以DFS +N4探索框架的形式實現演算法,程式碼如下:
class Solution:
def exist(self, board: List[List[str]], word: str) -> bool:
if not board:
# Quick response for empty board
return False
h, w = len(board), len(board[0])
# ------------------------------------------------------
def dfs_search(idx: int, x: int, y: int) -> bool:
if x < 0 or x == w or y < 0 or y == h or word[idx] != board[y][x]:
# Reject if out of boundary, or current grid cannot match the character word[idx]
return False
if idx == len(word) - 1:
# Accept when we match all characters of word during DFS
return True
cur = board[y][x]
# mark as '#' to avoid repeated traversal
board[y][x] = '#'
# visit next four neighbor grids
found = dfs_search(idx + 1, x + 1, y) or dfs_search(idx + 1, x - 1, y) or dfs_search(idx + 1, x, y + 1) or dfs_search(idx + 1, x, y - 1)
# recover original grid character after DFS is completed
board[y][x] = cur
return found
# ------------------------------------------------------
return any(dfs_search(0, x, y) for y in range(h) for x in range(w))
接著看進階延伸題,改成找辭典裡面的單字,把有找到的列出來。
Word Search II - LeetCode 搜尋給定辭典中的單字
這題多了辭典,我們可以用之前學過前綴樹的技巧,先把辭典建成一顆Trie。
接著,同步在矩陣和Trie裡面搜索每個字元,假如在某一格可以在Trie中找到一個單字,就把這個單字加入到最終結果的清單中。
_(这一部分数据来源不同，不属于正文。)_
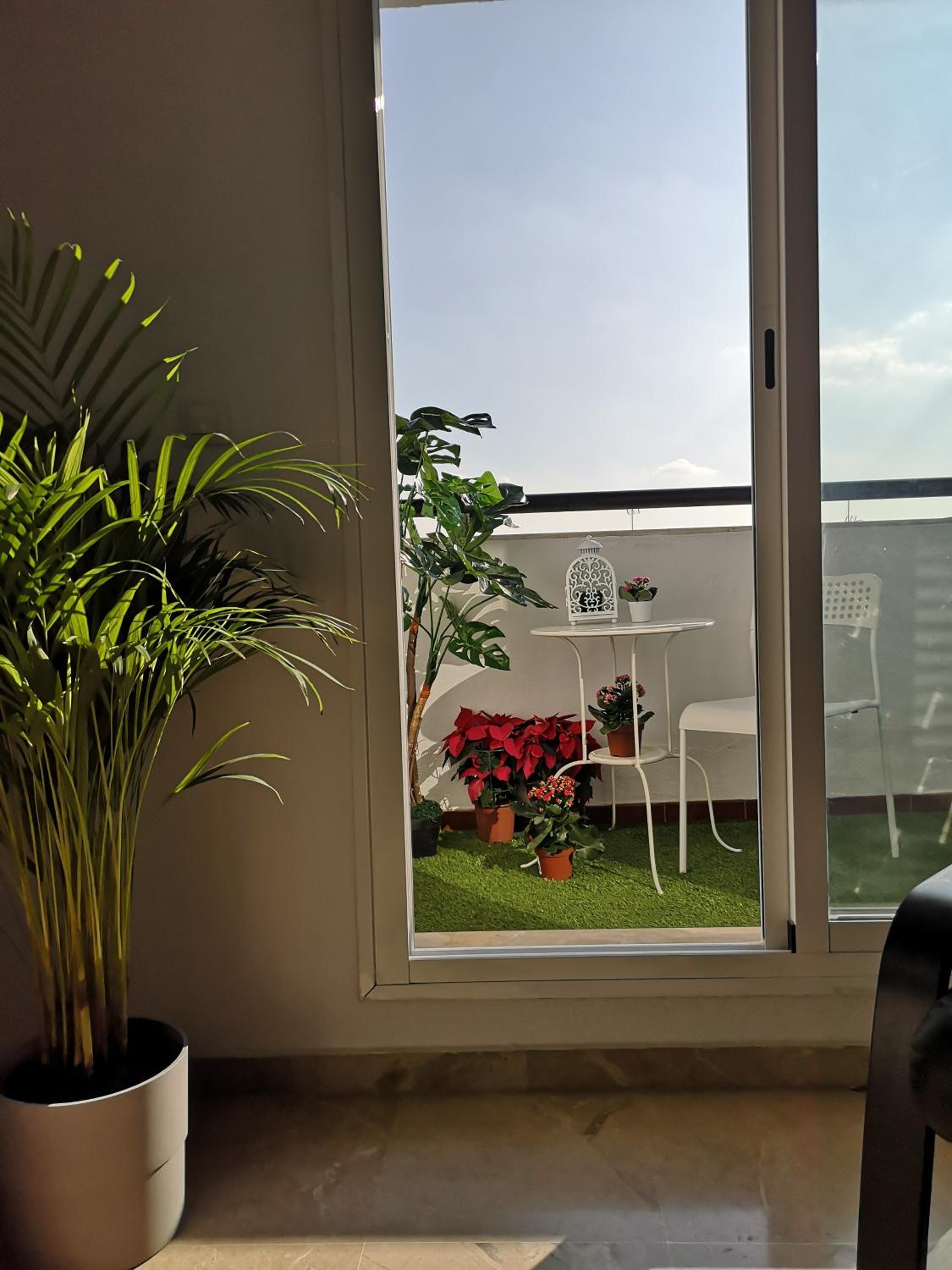 Two-Bedroom Apartment - Photo 2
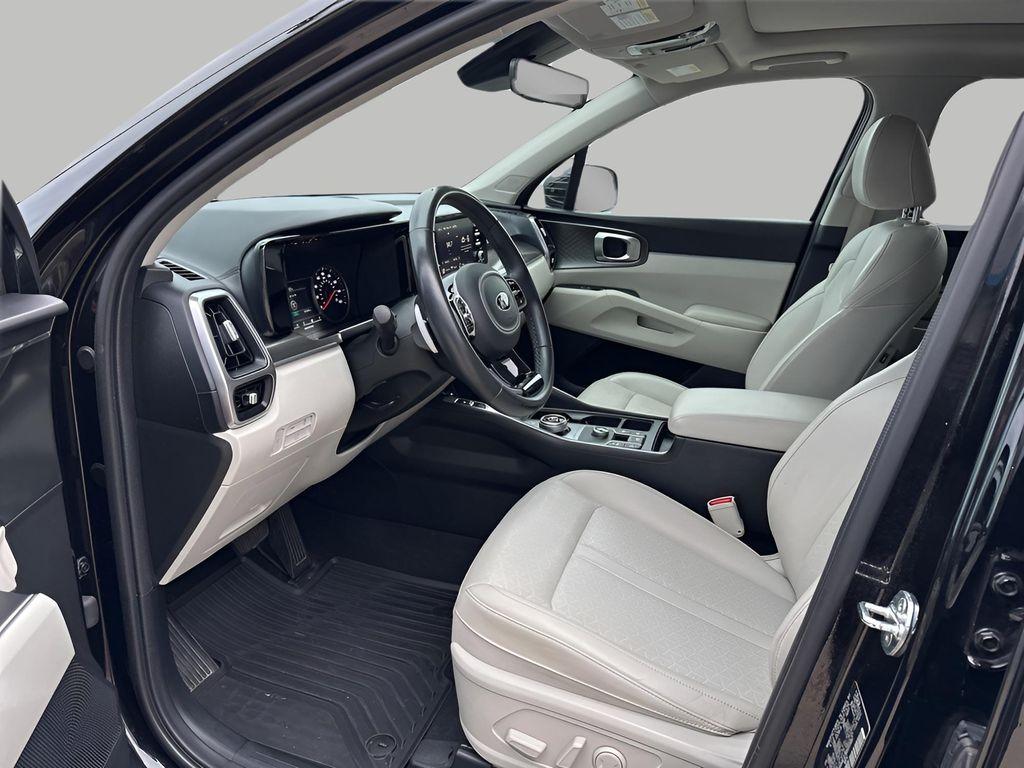 used 2021 Kia Sorento Hybrid car, priced at $24,248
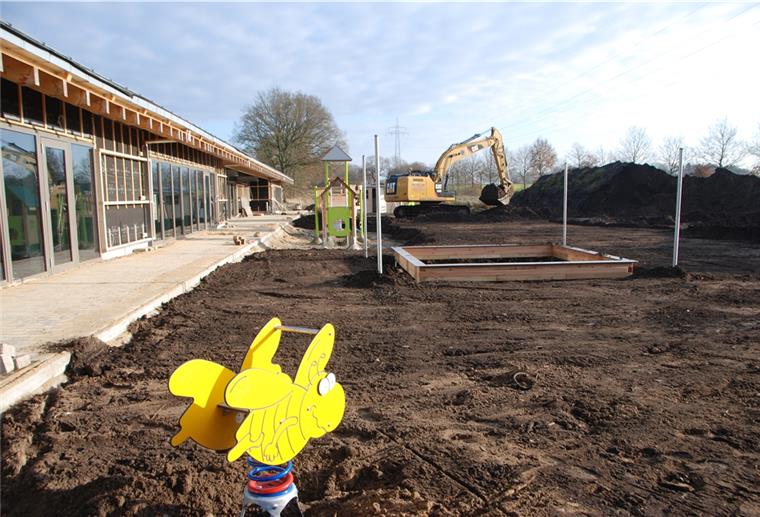 Bad Bederkesa: Kita „Sonnenblume“ besonders nachhaltig Die Arbeiten auf dem Außengelände der neuen Kindertagesstätte in Bad Bederkesa laufen auf Hochtouren. Die ersten Spielgeräte sind schon platziert.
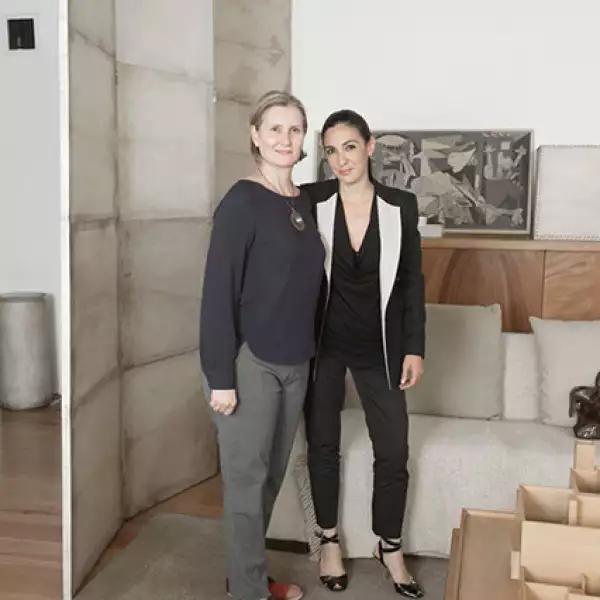 Ana Elena Mallet,Gabriela Lobo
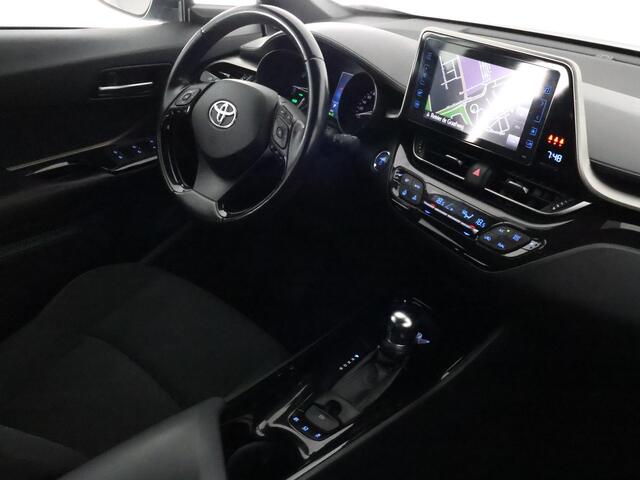 Toyota C-HR 1.8 Hybrid Executive Limited Bi-Tone | Navigatie | Stoelverwarming | Dodehoek Detectie | Camera |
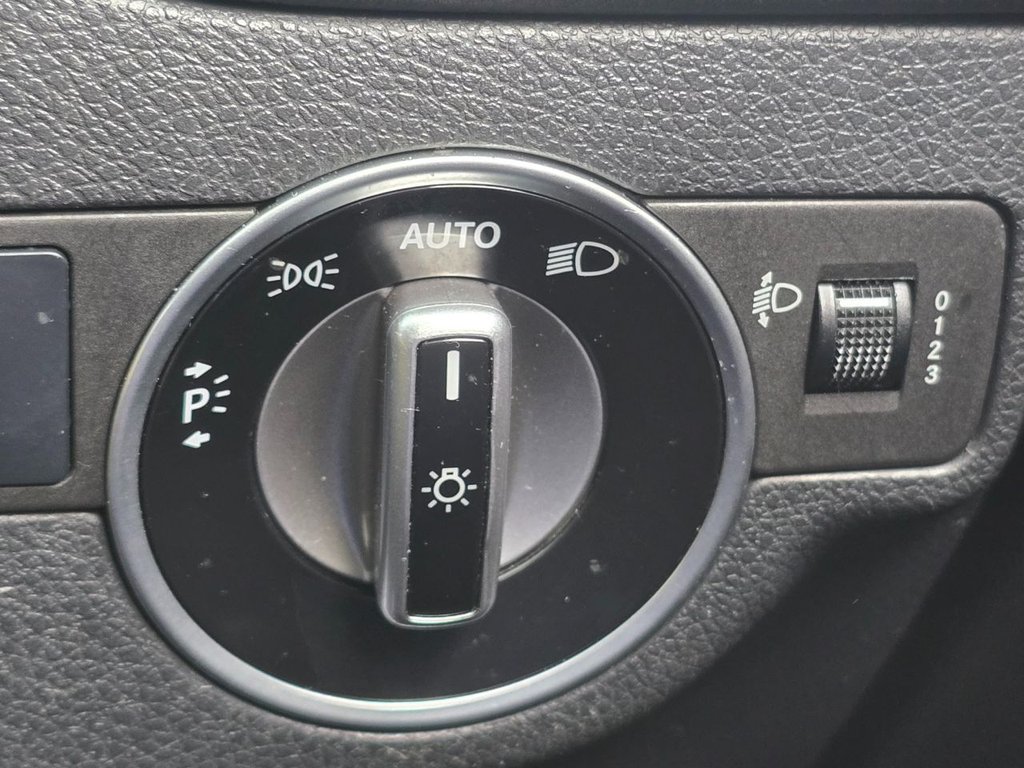 Used Mercedes-Benz A-Class 2015 for sale - 76068370: Photo 17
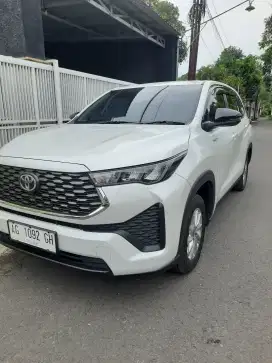 INNOVA ZENIX G AT 2023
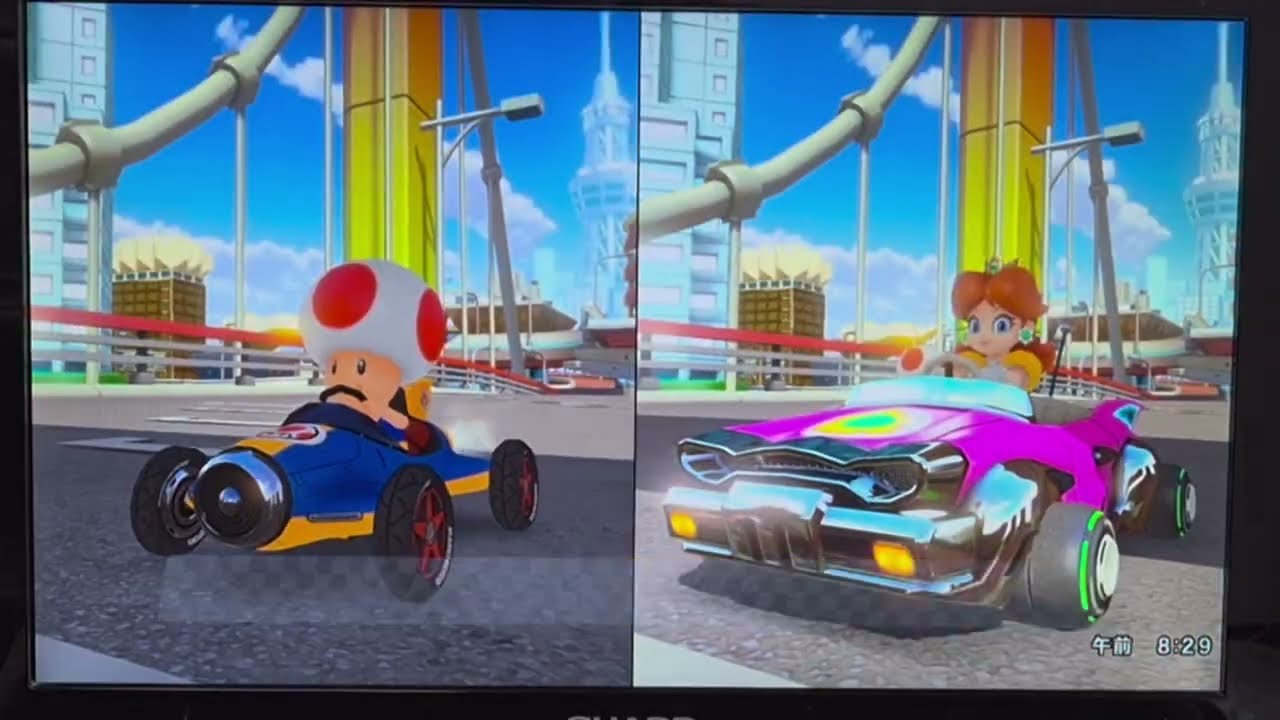 Mario Kart 8 Deluxe Daisy loses to Toad at Lucky Bell Cup 4 Courses. (150cc)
以DFS +N4探索框架的形式實現演算法,程式碼如下:
class Solution:
def findWords(self, board: List[List[str]], words: List[str]) -> List[str]:
# Build a trie from given words
trie = {}
for word in words:
curr = trie
for c in word:
if c not in curr:
curr[c] = {}
curr = curr[c]
curr['@'] = word
H, W = len(board), len(board[0])
res = []
# ===========================================
def dfs(r, c, trie):
# Skip out-of-board search
if not ( 0 <= r < H ) or not ( 0 <= c < W):
return
# Get current character on board
ch = board[r][c]
# Skip if current character does not exist in Trie
if ch not in trie:
return
curr = trie[ch]
word = curr.pop('@', None)
if word:
# We've found a word matched in Trie
res.append(word)
# Avoid repeated traversal
board[r][c] = '#'
dfs(r-1, c, curr)
dfs(r+1, c, curr)
dfs(r, c-1, curr)
dfs(r, c+1, curr)
board[r][c] = ch
# Deleted empty trie branch
if not curr:
trie.pop(ch)
return
# =========================================
# Scan each position on board
for r in range(H):
for c in range(W):
dfs(r, c, trie)
return res
還有一個類似題,要求我們計算可以從起點走到終點,
而且可以拜訪所有空白格子點的路徑方法數
Unique Paths III - LeetCode 拜訪所有空白格子點的路徑方法數
其實也是類似的,我們可以先計算有幾個空白格子點。
接著從起點開始用DFS+N4拜訪整張棋盤,如果走到終點的時候,恰好拜訪過所有空白格子點,就把方法數累加一。最後的路徑方法數總數就是答案。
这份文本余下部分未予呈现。